----- Data supplied

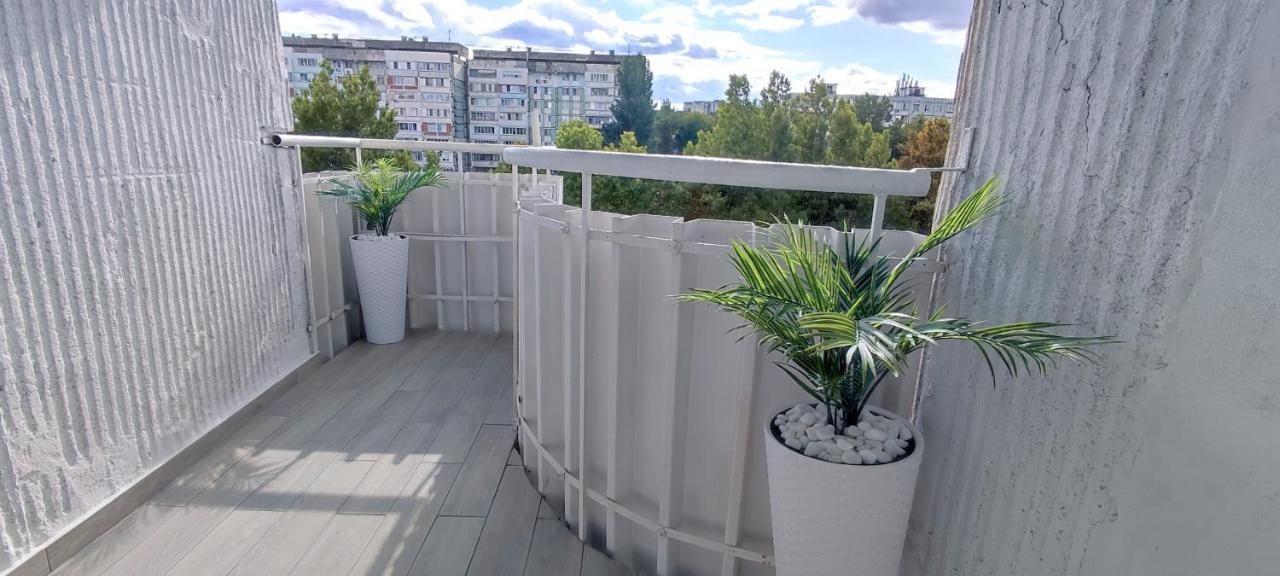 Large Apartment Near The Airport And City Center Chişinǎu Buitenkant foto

----------
----- Data supplied

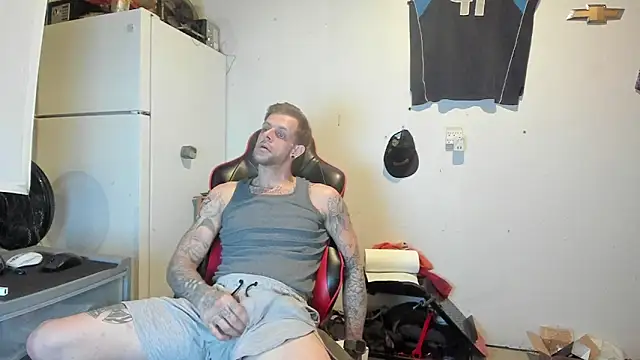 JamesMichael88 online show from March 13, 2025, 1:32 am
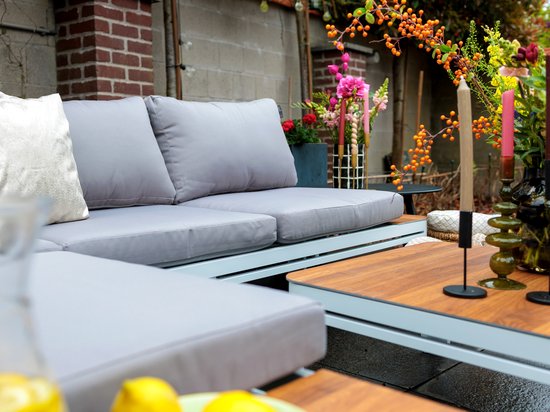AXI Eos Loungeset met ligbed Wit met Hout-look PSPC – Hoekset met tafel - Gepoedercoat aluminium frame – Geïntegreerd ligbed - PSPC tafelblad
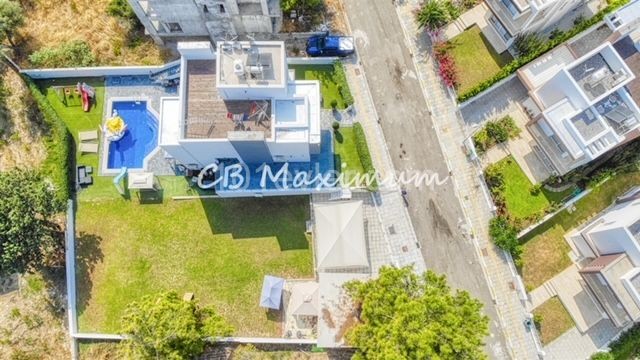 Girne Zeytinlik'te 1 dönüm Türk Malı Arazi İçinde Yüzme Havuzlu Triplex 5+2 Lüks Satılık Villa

----------
----- Data supplied

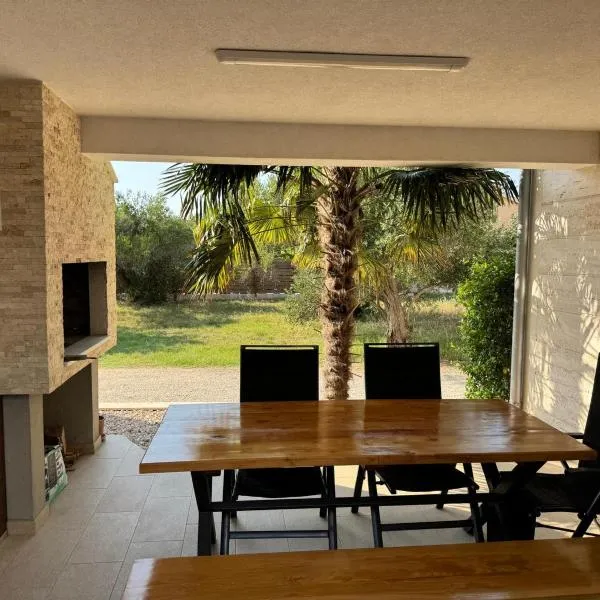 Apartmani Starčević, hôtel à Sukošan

----------

Return exactly the lines above, from the one with "AXI Eos Loungeset" up to and including the one with "Girne Zeytinlik'te 1", and include no pictures.

AXI Eos Loungeset met ligbed Wit met Hout-look PSPC – Hoekset met tafel - Gepoedercoat aluminium frame – Geïntegreerd ligbed - PSPC tafelblad
 Girne Zeytinlik'te 1 dönüm Türk Malı Arazi İçinde Yüzme Havuzlu Triplex 5+2 Lüks Satılık Villa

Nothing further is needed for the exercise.